Microsoft, PalmSource, the OS division of Palm; Symbian and Nokia are among the other major manufacturers that have made similar announcements.
In addition to making the "hardware and software" blueprint available, RIM will offer consulting services, interoperability testing and a certification program.
By announcing a closer relationship with its chip supplier Analog Devices (ADI), RIM will get entry to ADI's customer base that includes more than 25 handset ODMs.
"ADI has the lion's share of independent handset manufacturers after the majors," said Jim Balsillie, chairman and co-CEO at RIM.
The ADI processor is a single chip design that includes both the digital signal processor for communications and the application processor as well as the Sun JVM. ADI optimised the chip for GSM/GPRS wireless networks, according to Balsillie.
The latest RIM models already support Sun's J2ME. But some developers say the RIM environment is still too restrictive.

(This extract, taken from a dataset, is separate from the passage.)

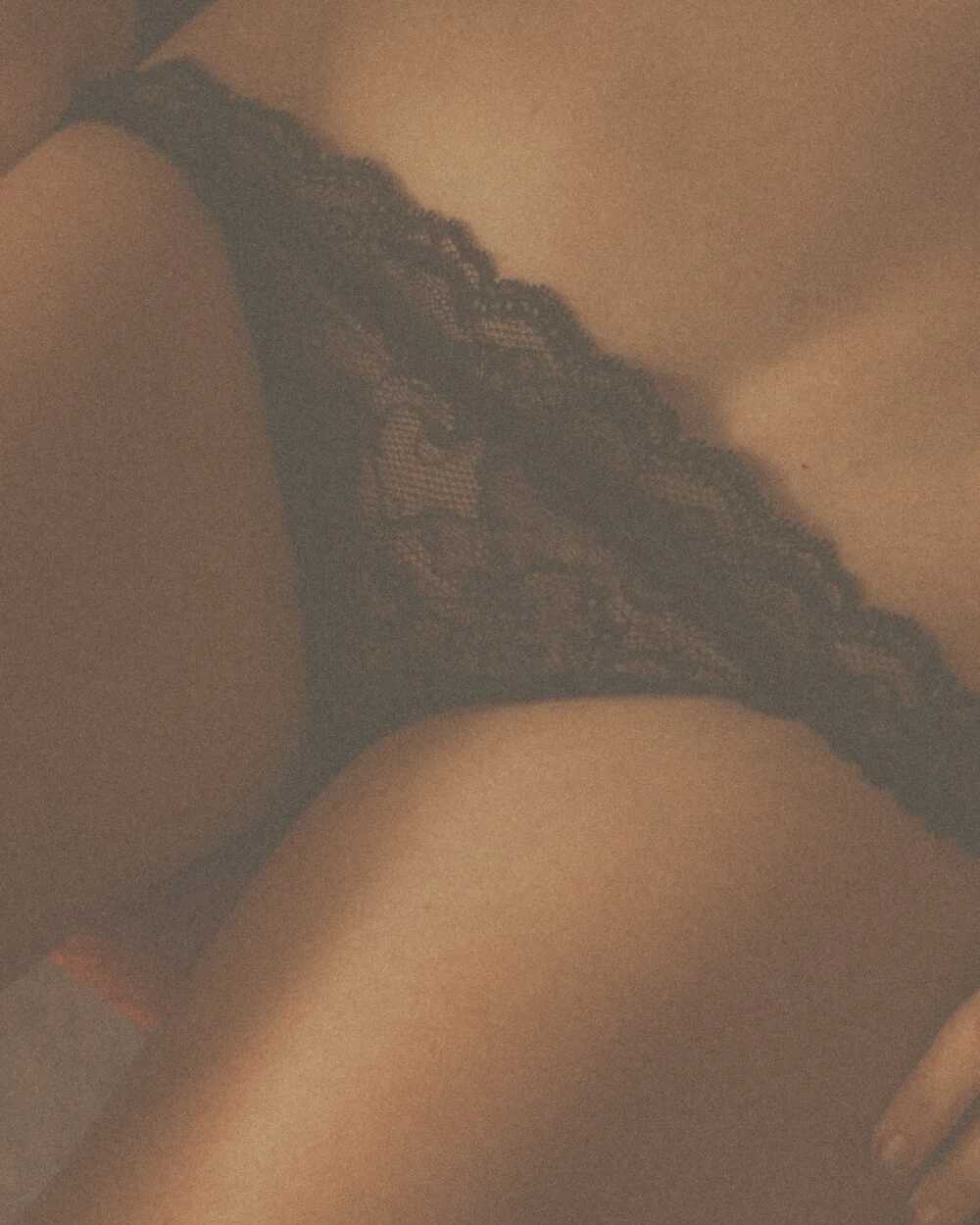 Σέξι γυμνές φωτογραφίες της Niki Anson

"RIM is a great device for doing e-mail, but J2ME is fairly limited for handhelds. It's good for the handset market," said Anthony Meadow, president of Bear River Associates.
But on the handset, J2ME appears to be the platform of choice among most of the major handset manufacturers, as well as the carriers with Nokia, Motorola, AT&T Wireless and Nextel, all announcing support for J2ME as the standard for application development.

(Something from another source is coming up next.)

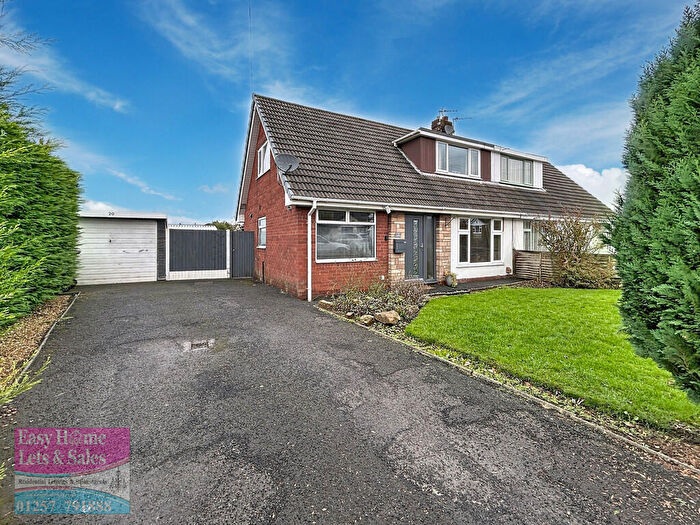 3 Bedroom Semi Detached House For Sale In Claytongate, Coppull, PR7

With a huge diversity of choice as the handset manufacturers try to please millions of consumers, Balsillie insisted Java is the perfect platform.

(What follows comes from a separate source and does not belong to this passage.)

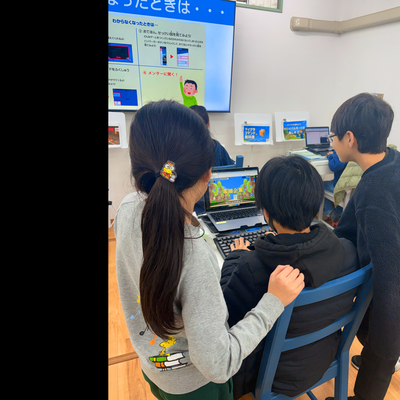 漢字を読み解くタイピングゲームをプレイ中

"Java virtualises the processor so that developers are writing to a virtual processor that allows them to abstract all operating systems and the hardware that is particular underneath. A virtual machine means I don't care what the OS is or hardware is, just give me a common VM," said Balsillie.
Although Palm offers its OS to handheld and handset manufacturers, the difference is that the Palm OS is a particular implementation and does not allow for the same level of product diversification.
"Sun's Java is a specification, not an implementation. Every [piece of] hardware is different. Sun is a spec and a policeman to make sure you adhere to that spec," Balsillie added.
Nevertheless, RIM is increasingly faced with the fact that as packet-based wireless networks become ubiquitous, the always-on capabilities of the RIM, which first attracted many corporate users, is no longer a differentiator.
In particular, the Palm i705, the Handspring Treo, and the many smart phones with the same e-mail capabilities are now in the market.
Pricing and availability have yet to be announced.